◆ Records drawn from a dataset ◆

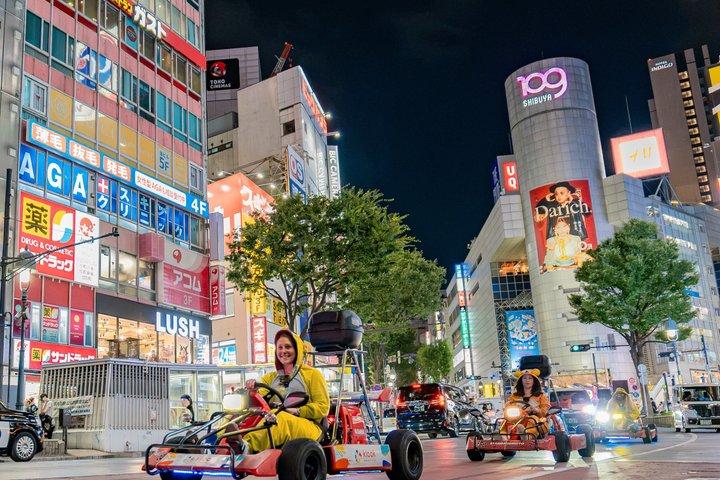 面白いコスチュームで行く新宿ゴーカートツアー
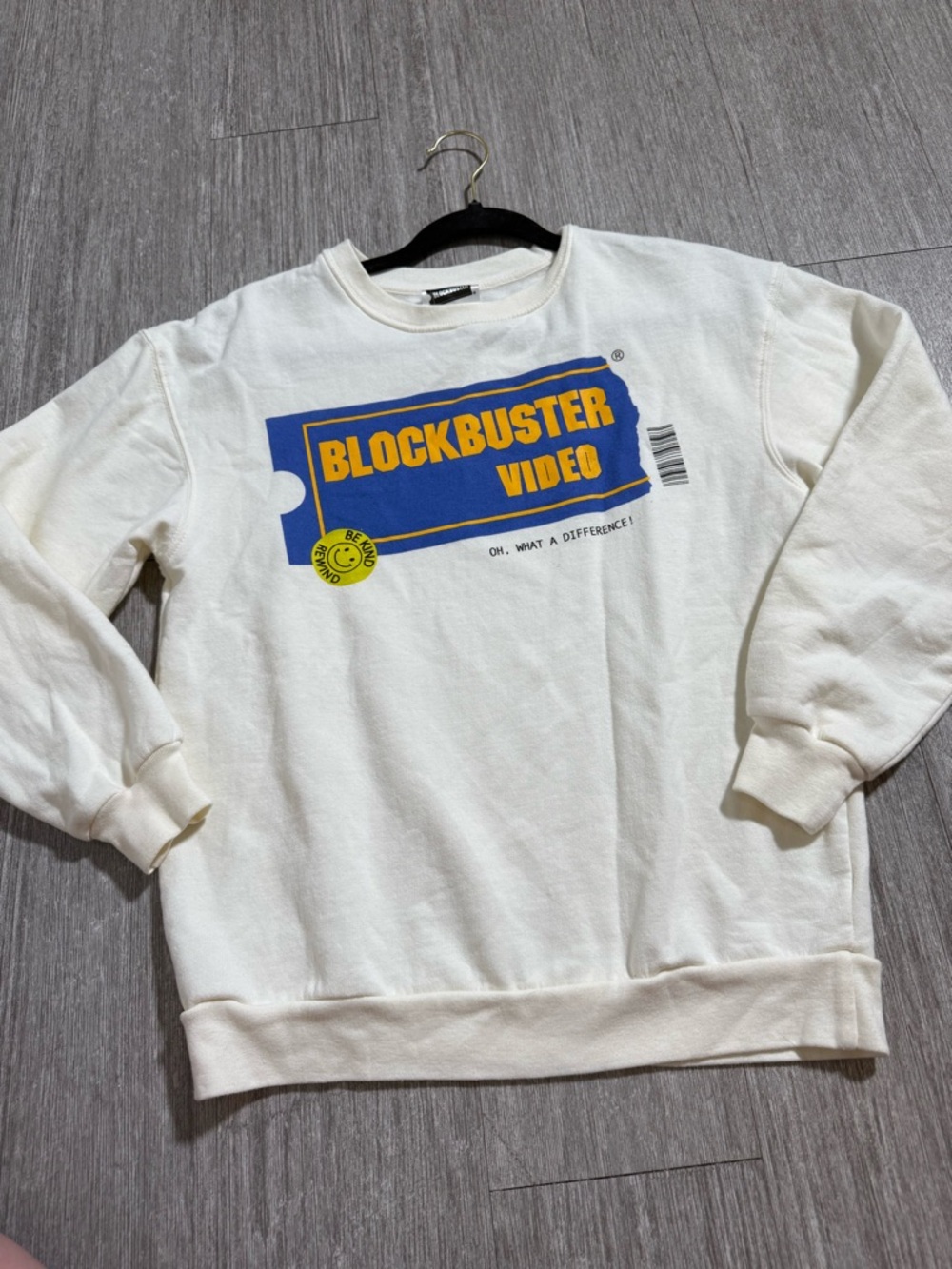 Blockbuster Video Graphic Sweatshirt XS Nostalgia Y2K Vintage Style Movie Night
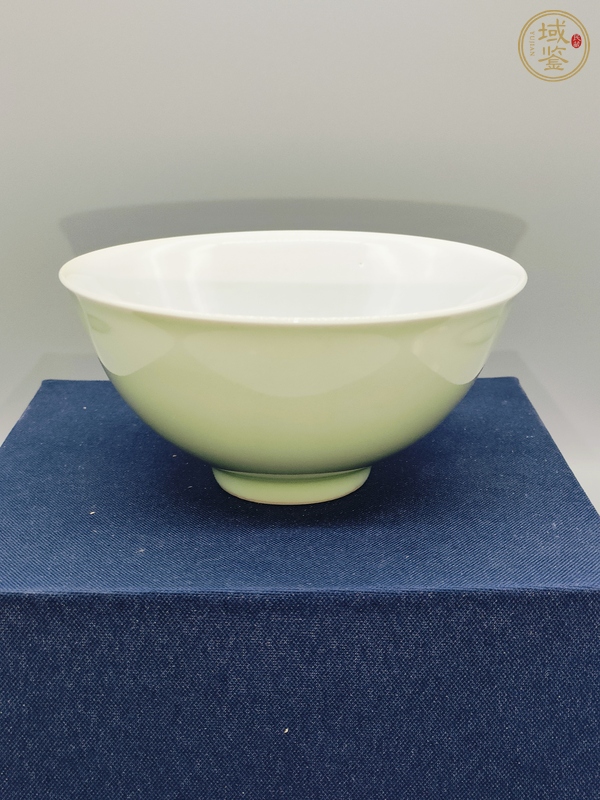 古玩陶瓷青釉小碗真品鑒賞圖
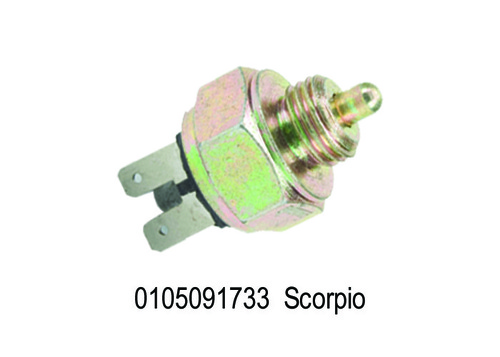 स्कॉर्पियो में उपयोग के लिए: कंट्रोल बटन के लिए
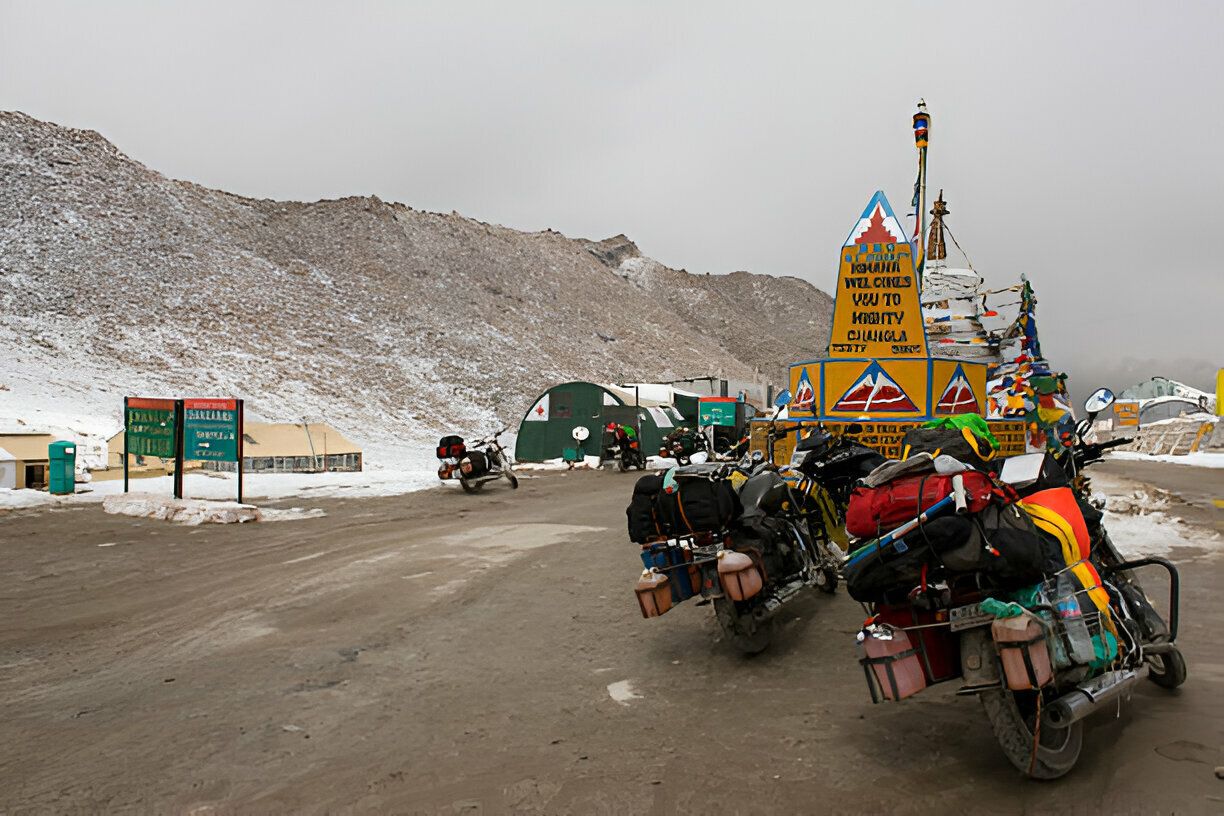 Best Places to Stay in Ladakh for Bikers: Hotels, Camps, and More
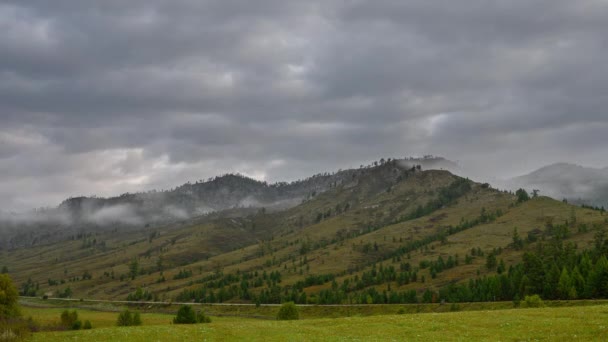 Niebla Nubes Las Montañas Amanecer Tiempo Nublado — Vídeos de Stock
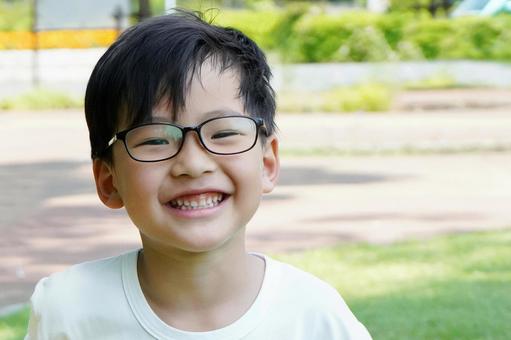 メガネをかけて笑顔の小学生の男の子 メガネをかけて笑顔の小学生の男の子 子供,子ども,メガネの写真素材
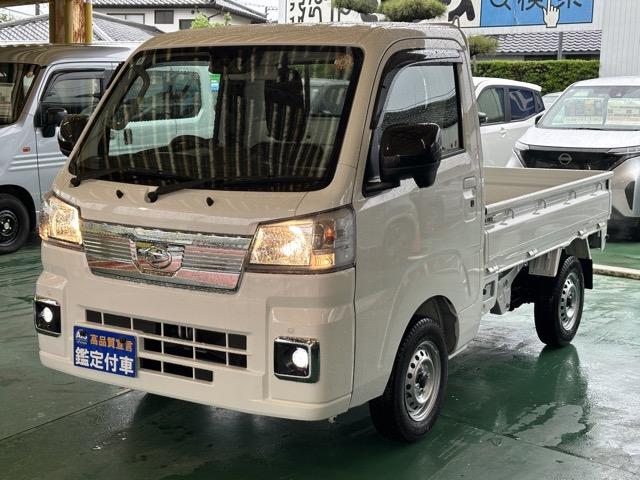 ハイゼットトラック エクストラ 4WD CVT フロアマット サイドバイザー スマートキー 電動格納ドアミラー パワーウィンドー 作業灯 衝突被害軽減ブレーキ アイドリングストップ オートライト エアコン パワステ 届出済未使用車(4枚目)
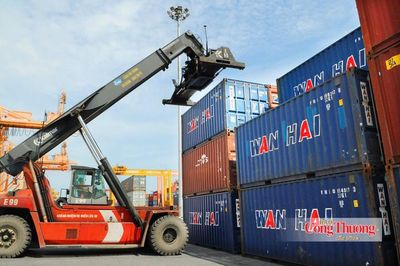 Xuất khẩu tạo lực kéo, góp phần đưa kinh tế Việt Nam bứt tốc năm 2026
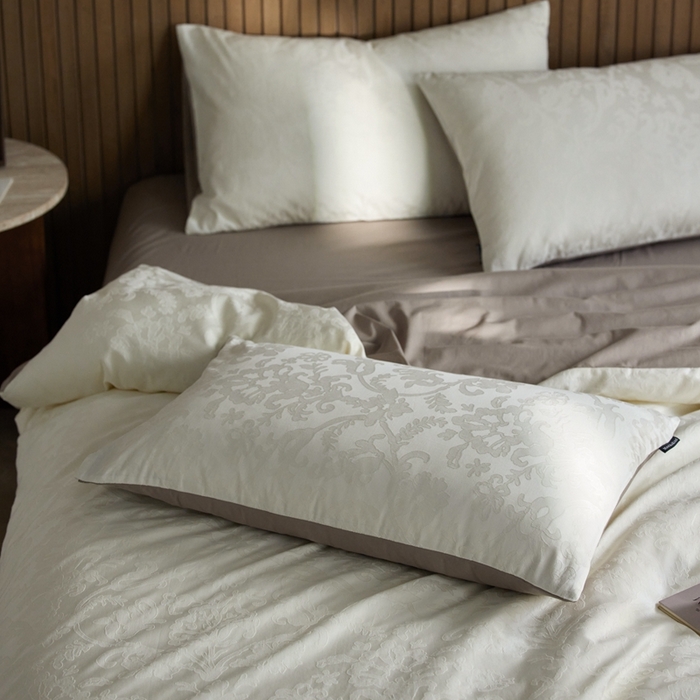 91家纺网 家纺一手货源 找家纺 安莱生活 2025全棉浮雕提花四件套-科林斯系列 科林斯-云霜白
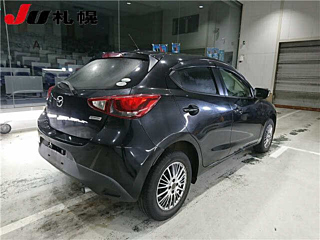 MAZDA DEMIO 2015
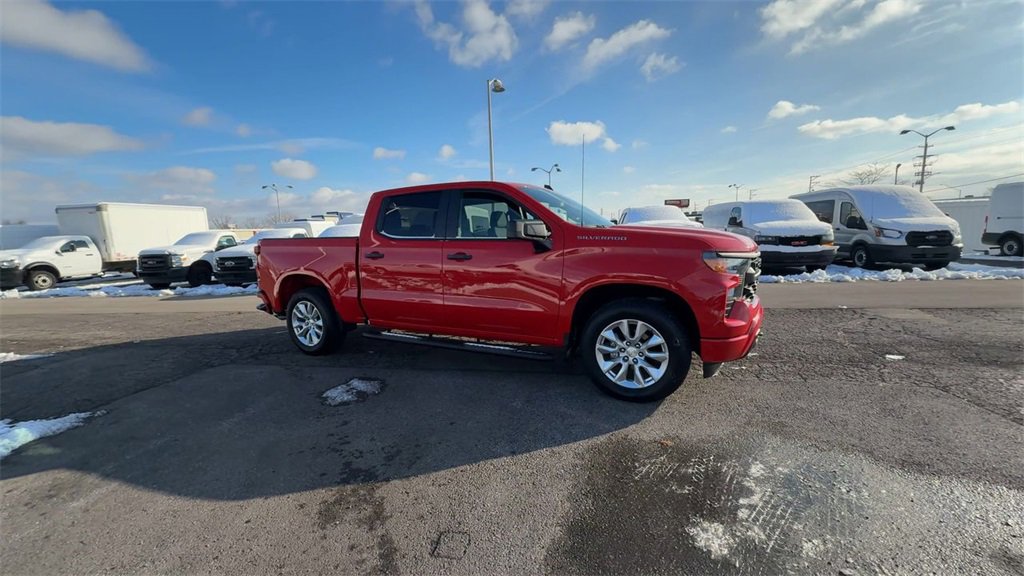 Used 2022 Chevrolet Silverado 1500 Custom image 9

◆ EXERCISE AIM ◆
Any pictures are to be skipped, and the lines from the beginning of the entries through the line with "Best Places to" copied exactly.

◆ THE ANSWER ◆
 面白いコスチュームで行く新宿ゴーカートツアー
 Blockbuster Video Graphic Sweatshirt XS Nostalgia Y2K Vintage Style Movie Night
 古玩陶瓷青釉小碗真品鑒賞圖
 स्कॉर्पियो में उपयोग के लिए: कंट्रोल बटन के लिए
 Best Places to Stay in Ladakh for Bikers: Hotels, Camps, and More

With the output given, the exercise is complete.